Pour corriger ce problème définitivement, il faut comprendre les limites physiques de la détection de mouvement classique et basculer vers une technologie radicalement différente : le radar millimétrique.
L'illusion de la présence : comment fonctionne vraiment le PIR
Quasiment tous les détecteurs vendus à bas prix (qu'ils soient de marque Xiaomi, Aqara standard, Sonoff ou Philips Hue) utilisent la technologie PIR pour "Passive Infrared" (Infrarouge Passif).
Le fonctionnement d'un capteur PIR est basique et éprouvé depuis des décennies dans les alarmes de sécurité. Le boîtier contient un capteur pyroélectrique caché derrière une lentille en plastique striée (la lentille de Fresnel). Ce composant ne "voit" pas la pièce comme une caméra. Il se contente de mesurer la température ambiante sous forme de rayonnement infrarouge.

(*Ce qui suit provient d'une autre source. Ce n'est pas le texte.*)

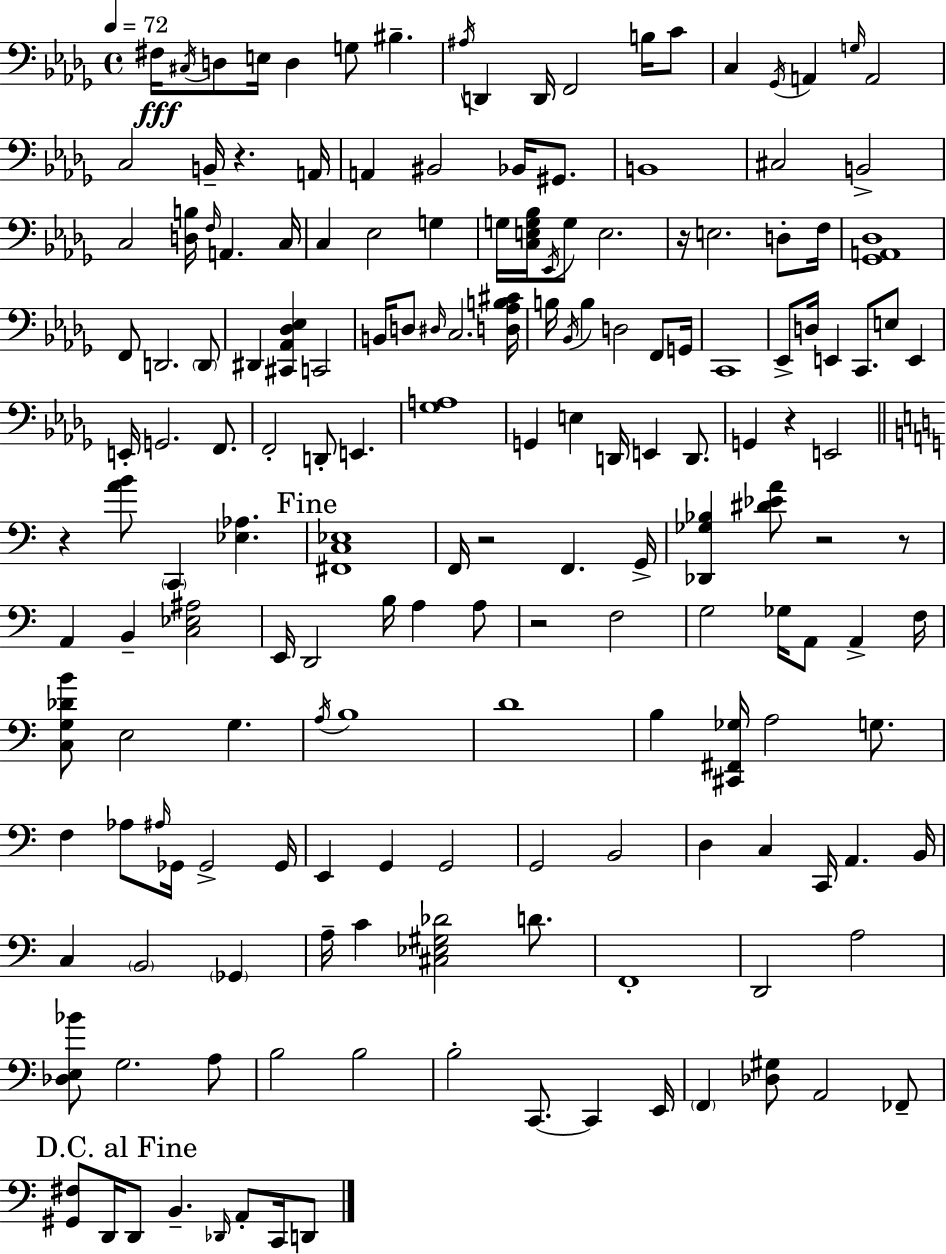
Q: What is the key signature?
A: BES minor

Lorsqu'un corps humain chaud (environ 37°C) traverse le champ de vision du capteur, il crée une perturbation thermique. La lentille de Fresnel découpe l'espace en plusieurs faisceaux invisibles. Pour que le capteur déclenche l'alerte "Mouvement détecté", il faut qu'une source de chaleur passe d'un faisceau à un autre. Il faut donc un mouvement physique ample et transversal.
Le capteur PIR est aveugle à la présence statique. Si vous êtes assis sur le canapé devant un film, ou immobile sur le trône de vos toilettes, votre signature thermique ne traverse plus les différents faisceaux de la lentille. Pour le composant électronique, vous avez littéralement disparu de la pièce. La temporisation de votre scénario d'éclairage commence son décompte, et la lumière s'éteint.

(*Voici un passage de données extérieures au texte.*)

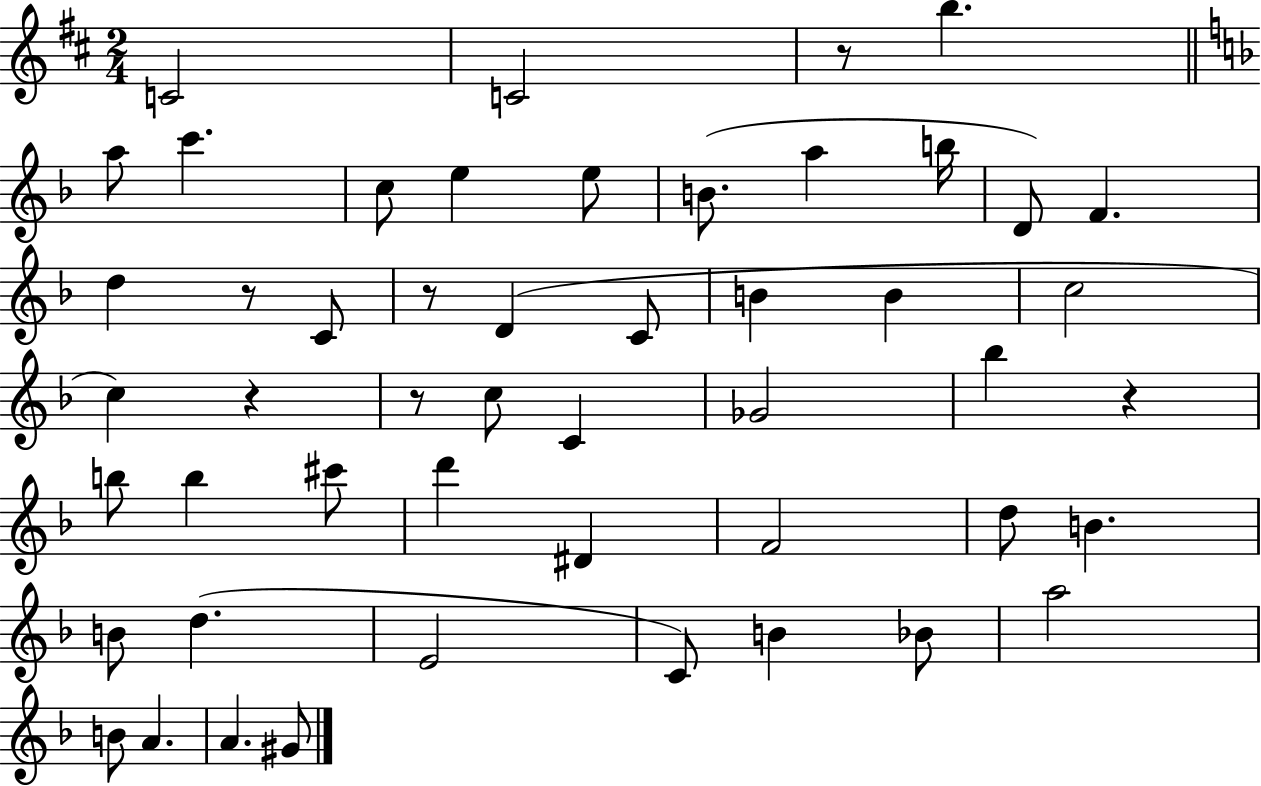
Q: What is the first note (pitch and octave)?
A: C4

Le piège matériel de la batterie et du temps de "refroidissement"
La limitation technologique du PIR est aggravée par une contrainte énergétique. Pour qu'un capteur PIR soit facile à placer n'importe où (au plafond, dans un coin de mur), les fabricants les conçoivent pour fonctionner sur de simples piles boutons (CR2032 ou CR2450) pendant un à deux ans.
Pour atteindre une telle autonomie, le capteur ne peut pas communiquer en permanence avec votre serveur domotique. Il intègre un mécanisme de mise en veille matérielle appelé le "blind time" ou temps d'aveuglement (hardware cooldown).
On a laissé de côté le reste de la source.